The learning theory tree intentionally repeats a pattern: a spec predicate or theorem is kept separate from the executable runtime diagnostic, and an optional float32 or artifact bridge connects them only when the hypotheses have been stated.

For robustness, the split is Robustness.Spec versus Robustness.Runtime.

For dynamical stability, the split is Stability.Dynamics.Spec versus Stability.Dynamics.Runtime.

For ridge regression, the ideal theorem is in RidgeRegression1D.Real, while the executable float32 development is in RidgeRegression1D/IEEE32Exec. The IEEE32Exec side implements the algorithm with TorchLean's executable binary32 model and states the bridge to a proof level round after each primitive semantics under explicit finiteness conditions.

That is the same numerics philosophy used elsewhere in TorchLean. A theorem over the reals is not automatically a native float theorem.
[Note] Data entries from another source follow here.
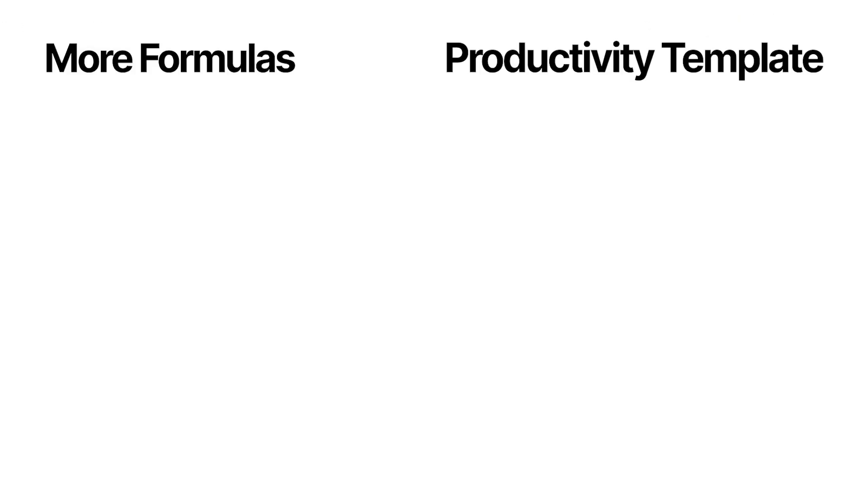Now if you want to dive more into formulas, then click on this video here where I show a bunch of powerful formulas. Or if you want to save time, then check out my productivity notion template called headquarters and show you how thousands of people have improved their productivity in just two clicks.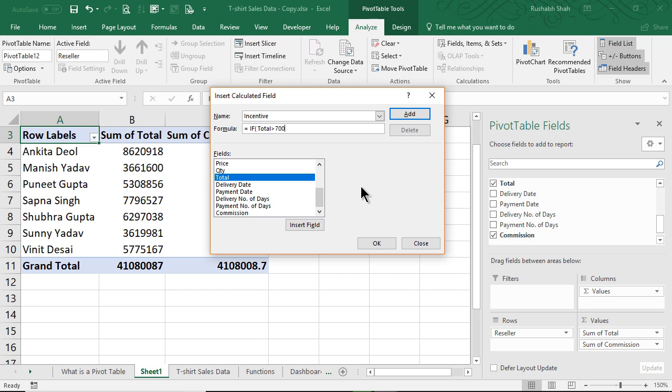Then you give Total into 5%, otherwise you give 0. So if the total value is greater than 70 lakhs, we'll give Total into 5% as incentive, or we'll give it a 0.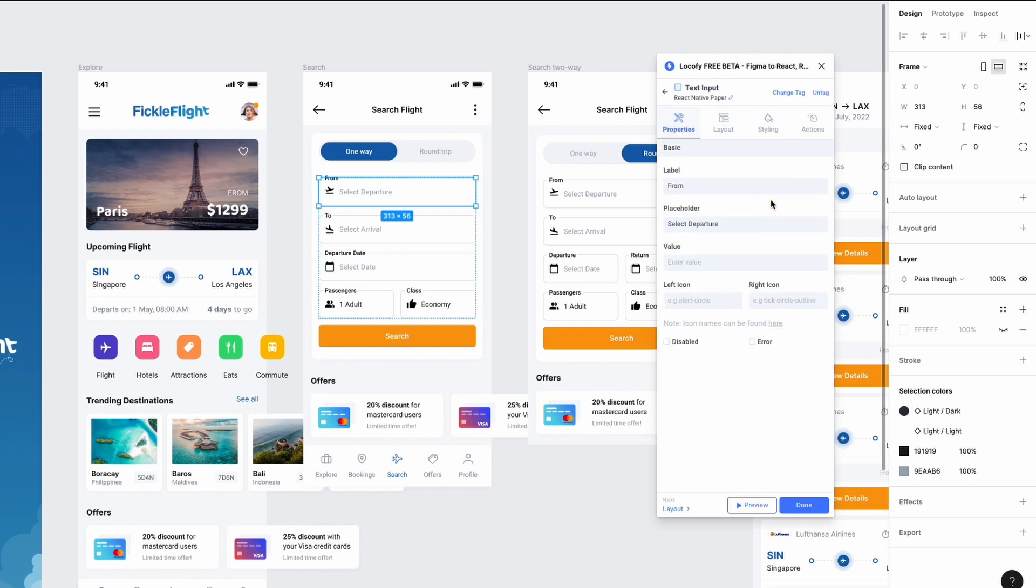You'll notice that some properties are auto pre-populated by reading your Figma design, and you can continue to customize it. Let's add the airplane takeoff icon on the left.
We first prove the clean mathematical result, then separately state what finite precision execution means and which hypotheses are needed to connect it.
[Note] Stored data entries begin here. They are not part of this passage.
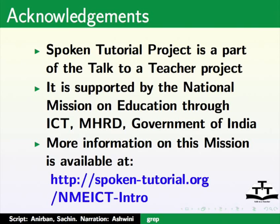The spoken tutorial project is a part of the Talk to a Teacher project. It is supported by the National Mission on Education through ICT, MHRD, Government of India. More information on this mission is available at the link shown below.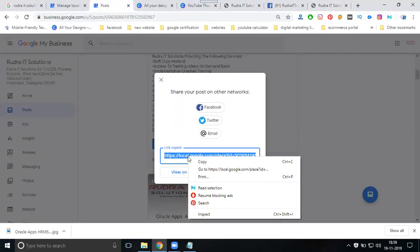They will click, they come into your site. This link we can post on Facebook. Anybody will read it. This is how to create events on Google My Business to reach your audience, to engage your audience for a particular event or any purpose.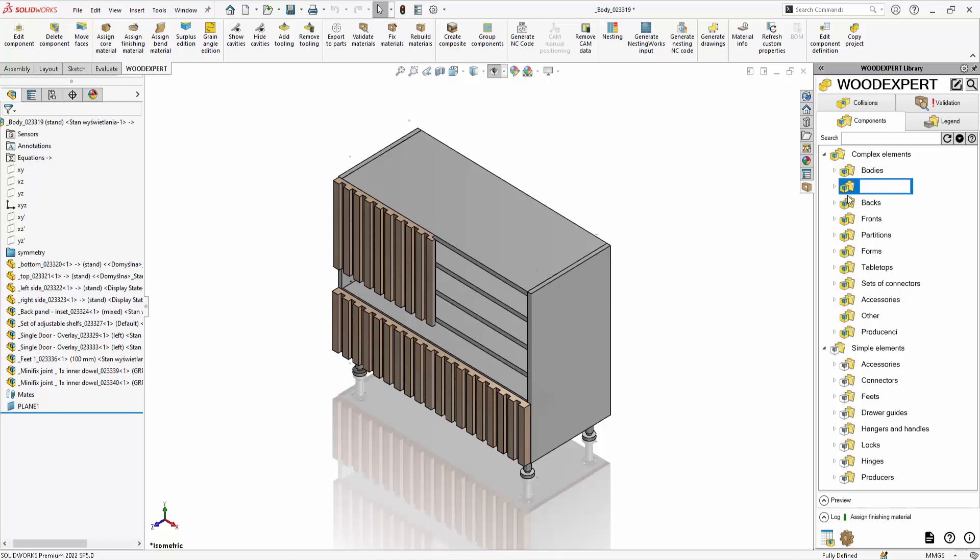You can remove and add folders, rename them, remove individual components, but also add your own complex and simple elements.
6.5.8. A Concrete Comparison To Mainstream Stacks🔗

Here is the practical difference we are aiming for:

If a script says an optimizer is differentially private because it used a DP library, the TorchLean guidepost is to define a mechanism and prove the DP event inequality or import a checked theorem.
If no attack found an adversarial example, that is runtime evidence unless it implies isCertifiedRobust.
If a model seems stable when retrained, the formal guidepost is a replace one stability predicate over Dataset n Z.
If a dynamical system stayed bounded in simulation, the formal guidepost is a BIBO, ISS, Lyapunov, or related stability predicate.
If the theorem is over the reals but the code uses float32, the guidepost is an IEEE32Exec/FP32 bridge with explicit finite path hypotheses.

This does not make TorchLean automatically prove every learning theory theorem. It makes the boundary between theorem, checker, diagnostic, and assumption harder to blur.

6.5.9. Suggested Path Through The Theory🔗

For readers coming in fresh, we recommend this first pass:

Read the differential privacy core API for the smallest complete example of a reusable measure theoretic definition plus closure lemmas.
Read the robustness spec API beside the robustness runtime API to see the spec/runtime split.
Read the stability core API for datasets, replace one perturbations, learning maps, and loss/error definitions.
Read the ridge regression real theorem API for a complete theorem development with explicit constants.
Read the ridge regression IEEE32Exec API when you want the finite precision bridge.

The common voice across this layer is intentional: we built small, named definitions first, then attached runtime checks and proof obligations to them. That is how TorchLean lets ML engineering and formal learning theory live in the same codebase without treating them as the same activity.